> _Prompt_: Below is a listing; print exactly its lines from the one containing "BNI BRAND LOGO - B+C UNISEX T-SHIRT" down to the one containing "ダイハツ タント 660cc", both inclusive, with every picture left out.

> _Data to examine_:
■ ■ ■

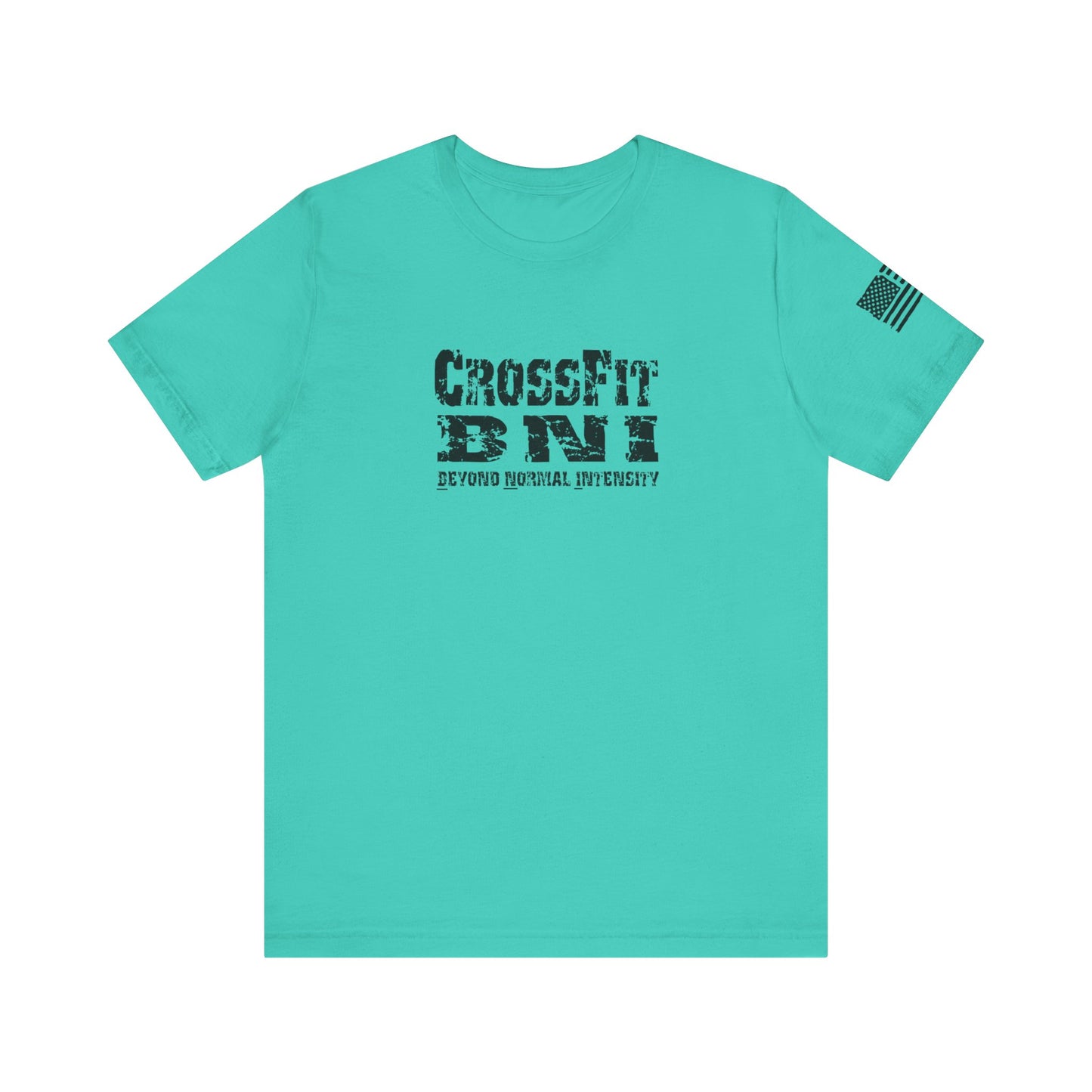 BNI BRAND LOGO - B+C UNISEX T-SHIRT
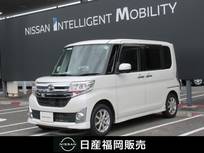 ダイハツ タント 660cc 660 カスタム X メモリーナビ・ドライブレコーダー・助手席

■ ■ ■

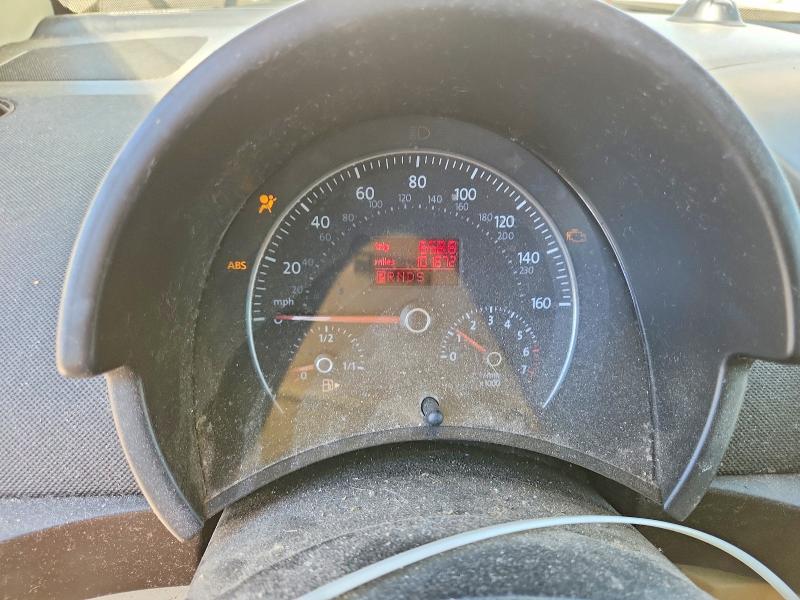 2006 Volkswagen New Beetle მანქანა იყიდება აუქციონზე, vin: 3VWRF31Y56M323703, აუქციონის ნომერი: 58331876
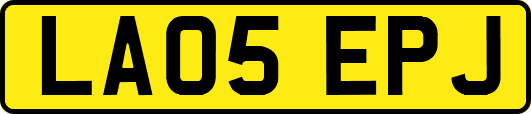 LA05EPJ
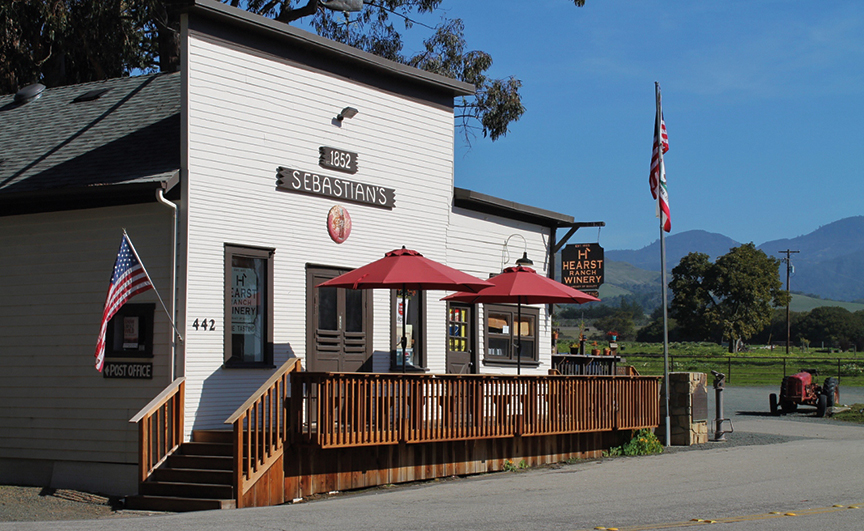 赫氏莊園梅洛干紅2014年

■ ■ ■

> _Result for this exercise_:
 BNI BRAND LOGO - B+C UNISEX T-SHIRT
 ダイハツ タント 660cc 660 カスタム X メモリーナビ・ドライブレコーダー・助手席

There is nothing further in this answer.